Skola Vente à Cagnes-sur-Mer : Lucille Modeste, conseillère, entourée de Sonny (à g) et de Gianni (à dte)
Skola Vente à Cagnes-sur-Mer : Lucille Modeste, conseillère, entourée de Sonny (à g) et de Gianni (à dte) (c) Vincent Gambardella / Apprentis d'Auteuil

Du côté de Skola Vente, dédié à l’insertion des 16-25 ans en grande difficulté, les jeunes sont restés mobilisés, après une première période difficile. Situé à Cagnes-sur-Mer, le dispositif accompagne 20 jeunes par session durant 9 mois, dont 3 en boutique. Lucille Modeste, conseillère emploi, formation et insertion, détaille : « Pendant cette période, j’ai fait beaucoup d’accompagnement psychologique, car certains jeunes étaient démotivés, angoissés, ou supportaient mal la solitude. Nous avons pu à la fois maintenir le lien avec la plupart des jeunes et les garder en activité pour qu’ils se projettent après la crise. Il n’y a pas eu d’arrêt dans leur processus d’insertion, juste un ralentissement. Les jeunes n’ont pas attendu la fin du confinement pour se remettre à chercher un emploi. »

Une reprise studieuse

Laurane, en 3e au collège Vitagliano (c) Benjamin Béchet / Apprentis d'Auteui
Laurane, en 3e au collège Vitagliano (c) Benjamin Béchet / Apprentis d'Auteui

À l’heure du bilan, tous constatent que cette volonté de faire grandir la relation a payé. Les jeunes ont continué en grande majorité à apprendre, à distance. Les familles se sont montrées reconnaissantes du travail accompli. Le lien de confiance s’est globalement renforcé avec elles, permettant aux enfants de mieux s’investir dans les apprentissages. En mai et juin, les enfants sont revenus à l’école en très grande majorité, heureux de retrouver leurs amis et leurs professeurs.
Éducatrice scolaire au collège Vitagliano à Marseille, Sabrina Meret explique : « Nous avons rouvert en anticipé, dès le 11 mai, en raison des situations compliquées, des risques de décrochage, des situations difficiles dans les familles.
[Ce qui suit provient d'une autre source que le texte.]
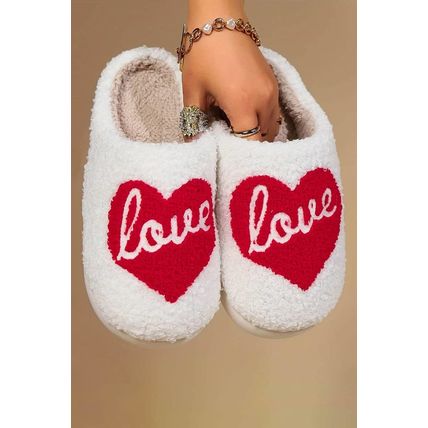 Fiery Red Valentine Love Heart Pattern Home Fuzzy Slippers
L’établissement a repris vie, et la vie, c’est l’espoir. »
À la reprise, les professionnels se sont attachés à pallier les effets du confinement. Soutien scolaire accru, soutien éducatif renforcé également, quand les enfants montraient le besoin de repères. Mais aussi, comme le précise Amandine Sampol, la directrice, réintroduction d’une nourriture équilibrée : « Nous avons noté des prises de poids excessives durant ces deux mois de confinement. Les enfants ont pu exprimer leurs besoins de sport et de nourriture saine. Nous avons pu régler ces problèmes de dérèglement alimentaire, liés à la grande précarité des familles et au changement de rythme. »

Une rentrée masquée

Du côté du lycée horticole Saint-Philippe, la rentrée s'est déroulée avec sérénité. Grande nouveauté, le recrutement d’un « sourceur », chargé de faire la promotion des formations dans les collèges et lycées à proximité, en vue de recruter de nouveaux élèves. « Il nous faut tirer le positif de cette crise, conclut Thierry Campos, le directeur. Durant le confinement, nous avons mis en place de la formation à distance, avec des démonstrations de gestes techniques en vidéo effectuées par les professeurs. Nous avons institué de nouvelles pratiques liées à l’hygiène et à la santé, avec des robinets automatiques et des éviers supplémentaires. Cette expérience doit surtout nous permettre de grandir dans le domaine de la transmission à distance et de la relation. »
Sonny, 23 ans, a fait partie de la dernière promotion de Skola Vente. Le jeune homme affine à présent son projet : « Enfermé chez moi, j’ai suivi les visioconférences qui nous préparaient à rebondir après le confinement. Je me sens soutenu dans ma recherche d’emploi, j’ai pris confiance en moi. Aujourd’hui, je veux trouver un travail, quel que soit le métier. Je voudrais créer ma propre marque de vêtement. En attendant, un CDI chez Mc Do va me permettre de financer ce projet à plus long terme. »
Dans les écoles, collèges, lycées, tous sont partis en vacances, avec l’objectif de reprendre le cours de leur vie d’élève en septembre, dans leur établissement et de s’adapter aux mesures sanitaires recommandées à la rentrée. C'est chose faite à présent. « Nous avons préparé une rentrée classique, avec des effectifs en hausse par rapport à l’année dernière, conclut Amandine Sampol, à Marseille. L’école a rouvert en septembre, selon les dispositifs en vigueur : masques et distanciation sociale pour tous les enfants de plus de 11 ans, aménagement des locaux et des activités qu'elles soient éducatives ou pédagogiques. Les semaines de reprise ont été déterminantes en juin, nous avons pu redonner un rythme et un cadre aux enfants, reprendre les apprentissages. Les enfants vont pouvoir profiter de leur été. »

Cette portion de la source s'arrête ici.